主人公

 子どもの頃、映画や漫画を見て、まるで登場人物の一人になったように恍惚とその世界に浸ることが多々あった。次に活躍するのは自分のような気がした。
 でも、知識や経験が蓄積されていくとこれは現実じゃないということをわかった上で、あえてそのことを忘れて作品を観賞するようになる。現実とフィクションの区別のない子ども時代に素晴らしい作品に出会えることはなんて素敵なことだろうと思う。まあ、大人になったらなったで大人なりの楽しみ方はできるけど作品に対する純粋な接し方じゃない。
 大概の大人は、ひょっとしたら全ての大人は子どものころ夢見た世界には生きていない。
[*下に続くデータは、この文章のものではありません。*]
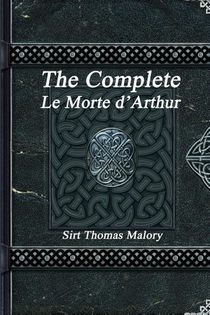 The Complete Le Morte d'Arthur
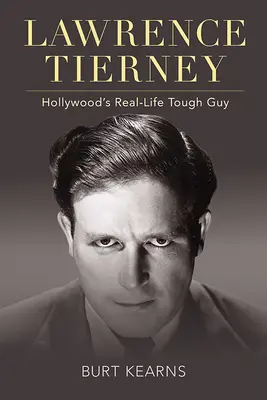 Lawrence Tierney: Tipul dur din viața reală de la Hollywood - Lawrence Tierney: Hollywood's Real-Life Tough Guy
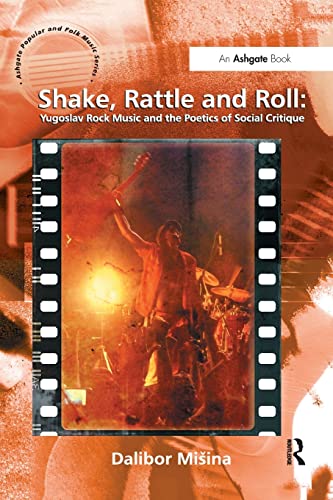 Stock image for Shake, Rattle and Roll: Yugoslav Rock Music and the Poetics of Social Critique (Ashgate Popular and Folk Music) for sale by Chiron Media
 現在の僕は子どもの頃に夢見たように、ロボットを操縦したり、魔法を使ったり、悪の組織と戦ってはいない。子どもの時の僕が現在の僕を見たら失望が9割くらいじゃなかろうか。僕が何をしているかろくに理解できないと思う。
 僕がよく通る道に「人は誰でも一冊の本になれる」というポスターがある。多分、文章の書き方口座とかそういうポスターだと思う。このキャッチコピーは嘘ではないと思う。でも僕はこのあとについ付け足してしまう。「ただし、面白くなるとは限りません」。
 客観的に自分の人生はつまらないもののように見える。でも主観的には僕の人生はなかなか幸せだなと思っていたりする。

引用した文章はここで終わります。